Premièrement, la politique indienne a ouvertement penché en faveur d’Israël. Ce qui n’était jusqu’à présent qu’un sujet de spéculation est devenu officiel lorsque le Premier ministre Narendra Modi a souligné dans un tweet, samedi, la “solidarité” de l’Inde avec Israël.
Cette expression résonnante marque une rupture historique avec la position constante de l’Inde sur la question palestinienne, qui suivait, dans sa quintessence, les pas de Gandhi, qui avait eu la prescience et la vision de s’opposer à la création d’Israël sur les terres palestiniennes, en particulier la manière cruelle dont les puissances occidentales ont imposé cette construction géopolitique au Proche Orient.

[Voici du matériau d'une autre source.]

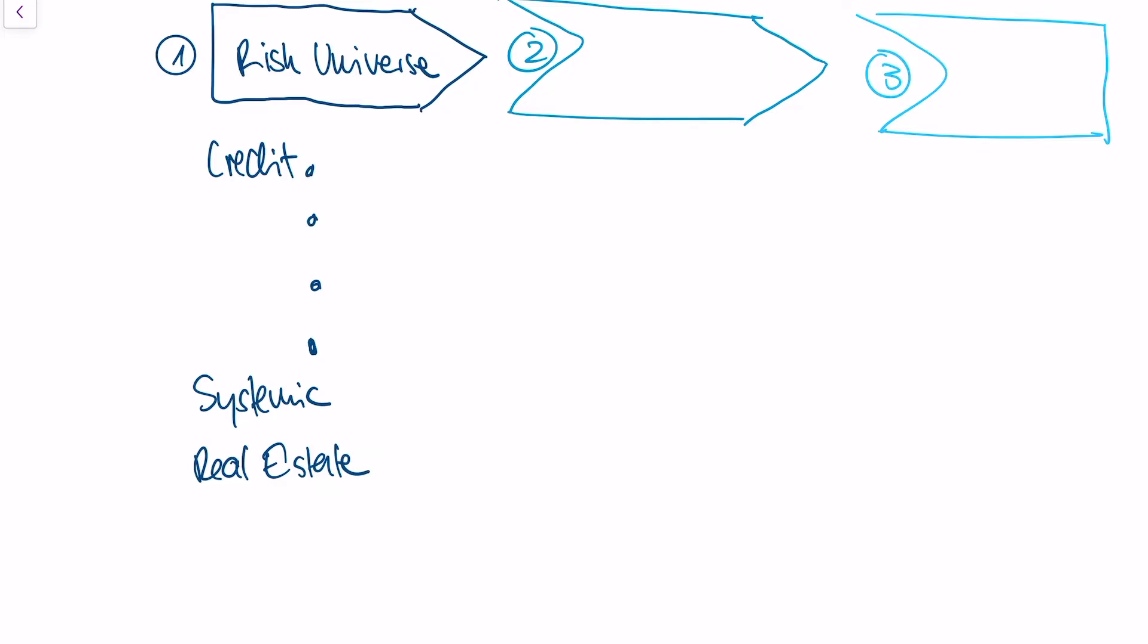In the second step, we're going to understand all relevant risks. This is a very easy step. What we're doing is we look at all the risk factors in the risk universe, which we've gathered from brainstorming, from other sources on the internet, from the banking regulator, and we look at which are really relevant.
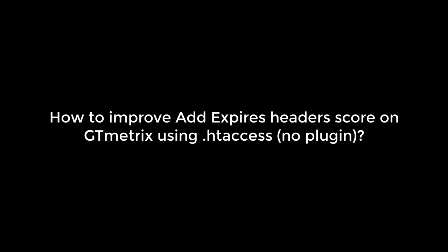Hi guys, today we will learn how we can improve add expires header score on GTmetrix using .htaccess. For more content like this, please subscribe to our channel and press the bell icon.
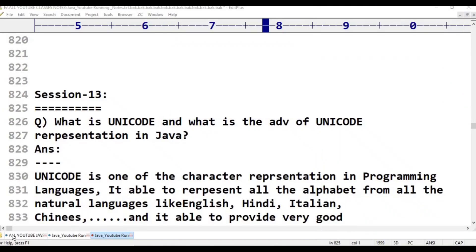Hello viewers, welcome to Telugu's Kit Tutorials. This is class 13, an introduction part of Java.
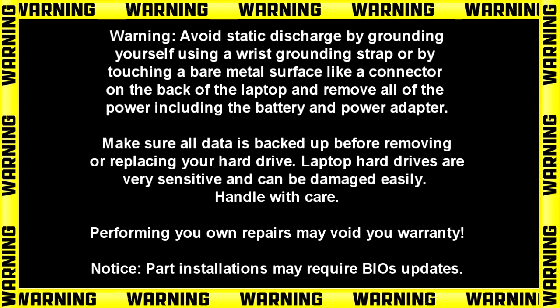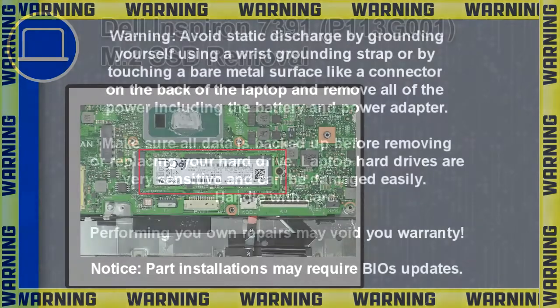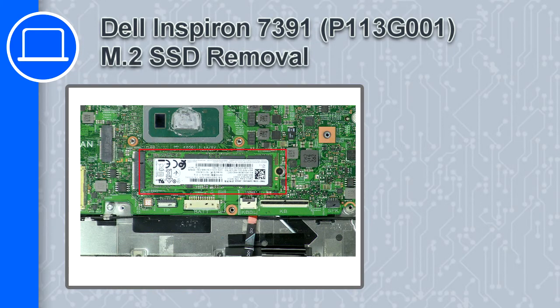Hey what's up, this is Ricardo and in this video I'll show you how to remove the solid-state drive on a Dell Inspiron 7391.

Ce qui a motivé ce changement radical sur cette épineuse question reste une énigme enveloppée d’un mystère.
Deuxièmement, Delhi a bénéficié d’un “avant-goût” de ce qui se passera à Gaza dans les semaines ou les mois à venir. Le Premier ministre Netanyahou a proclamé que “l’ennemi paiera un prix sans précédent” et a promis qu’Israël “riposterait par des tirs d’une ampleur que l’ennemi n’a jamais connue“. Il a déclaré la guerre à Gaza.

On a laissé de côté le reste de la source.